Registered Limited Liability Partnerships (& Limited Liability Companies) - Houston Texas Corporate Law Attorney Thomas D. Solomon
 
HomeFirm ProfileAttorney BioPractice AreasOffice LocationContact Us
Houston Texas Attorney 
 
Firm Profile
 
Attorney Bio
 
Practice Areas
 
Office Location
 
Articles
Acquisitions and Mergers
Wealth Convservation
Entity Choice
Non-Competition / Non-Disclosure
Option Plans
Securities
Employment Law for Employers
 
Legal Resources

Articles : Entity Choice


Registered Limited Liability Partnerships (& Limited Liability Companies)


Email this article
 Printer friendly page

A registered limited liability partnership offers a certain amount of liability protection to its partners. A registered limited liability partnership is any general or limited partnership that registers with the Texas secretary of state. This registration gives both general, as well as limited, partners some protection against individual liability to third parties for the actions of other partners. A partner in a registered limited liability partnership is not individually liable, directly or indirectly, by contribution, indemnity, or otherwise, for debts and obligations of the partnership incurred while the partnership is a registered limited liability partnership, unless arising from improper actions or omissions of the partners.

This means that a partner in a registered limited liability partnership is not individually liable for debts and obligations of the partnership, if the errors, omissions, negligence, incompetence, or malfeasance triggering the liability were committed while the partnership is a registered limited liability partnership, in the course of the partnership’s business by another partner or a representative of the partnership, and that person was not working under the supervision or direction of the partner seeking to avoid liability.

There are circumstances where a partner cannot avoid liability, even in the context of being a partner in a registered limited liability partnership. For example, a partner will be liable for the acts of a partner or representative of the partnership if the partner either: (i) was directly involved in the specific activity in which the errors, omissions, negligence, incompetence, or malfeasance were committed by the other partner or representative; or (ii) had notice or knowledge of the errors, omissions, negligence, incompetence, or malfeasance by the other partner or representative at the time of occurrence and then did not take reasonable steps to prevent or cure the errors, omissions, negligence, incompetence, or malfeasance.

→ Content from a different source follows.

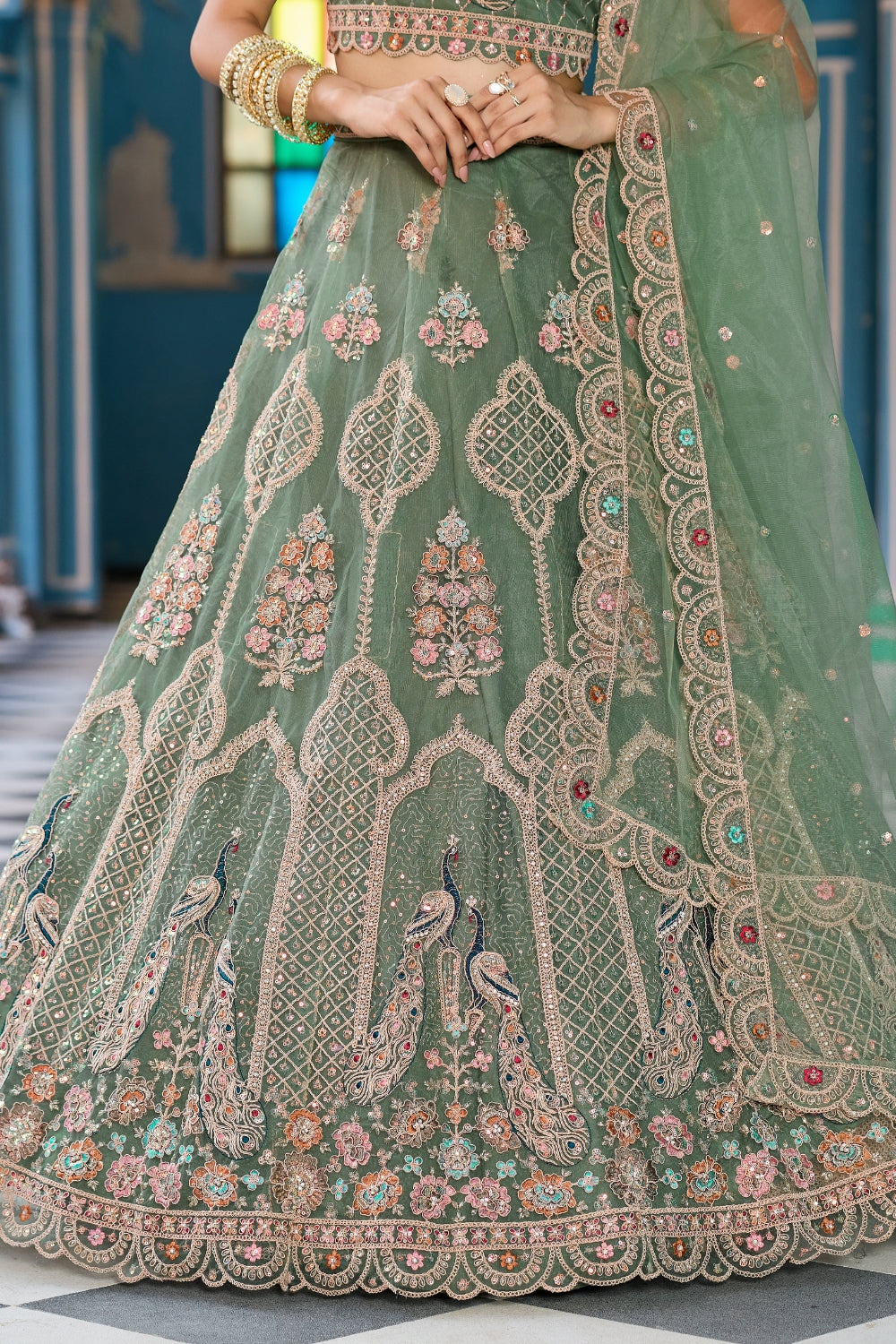 Net Lehenga Set with Resham Embroidery and Stone Work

The registration process included filing an annual registration form with the secretary of state. The statutes require that a registered limited liability partnership must give notice of its status by requiring that the last words in its name be “registered limited liability partnership” or the abbreviation “L.L.P”. A further requirement is that a registered limited liability partnership must either carry a liability policy of at least $100,000 covering errors, omissions, negligence, incompetence or malfeasance or provide $100,000 of funds specifically designated and segregated for the satisfaction of judgments against the partnership based on such errors, omissions, negligence, incompetence or malfeasance. If the partnership chooses to post the $100,000 rather than purchase liability insurance, it must either deposit (in trust or a bank escrow) $100,000 of cash, bank certificates of deposit, or United States Treasury obligations, or a bank letter of credit or insurance company bond.

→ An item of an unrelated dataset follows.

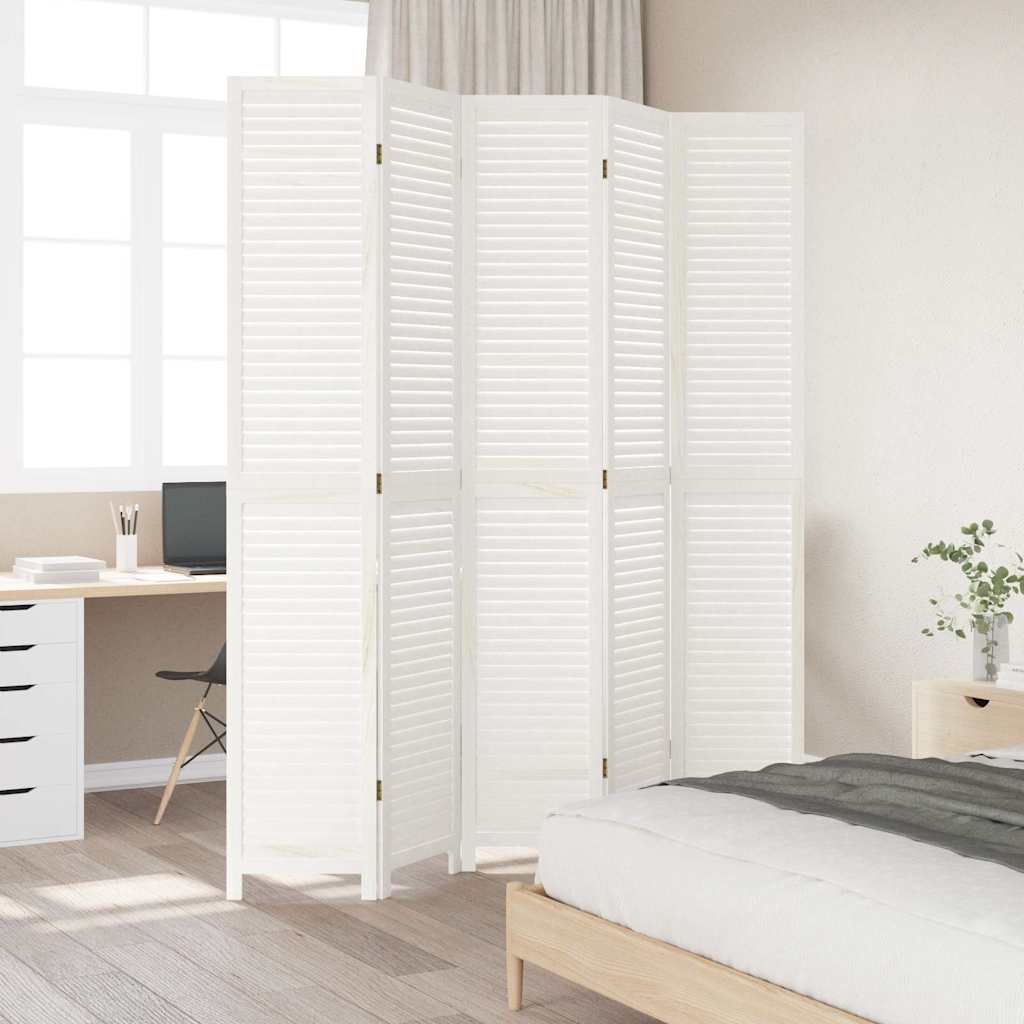 Room Divider 5 Panels White Solid Wood Paulownia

An alternative to a limited partnership or a registered limited liability partnership is the limited liability company. A limited liability company is organized and maintained under the Texas Limited Liability Company Act and can have both the powers of a corporation and the powers of a limited partnership.

The limited liability company form of doing business protects its “members” (similar to shareholders in a corporation) and “managers” (similar to directors in a corporation) from liability to third parties. Unless a company's company agreement specifically provide otherwise, a member or manager of a limited liability company is not liable for the debts, obligations, or liabilities of a limited liability company, including those represented by a judgment, decree, or order of a court. Further, a member of a limited liability company is not a proper party to a lawsuit against a limited liability company, unless the suit is one to enforce a member's right against or liability to the company.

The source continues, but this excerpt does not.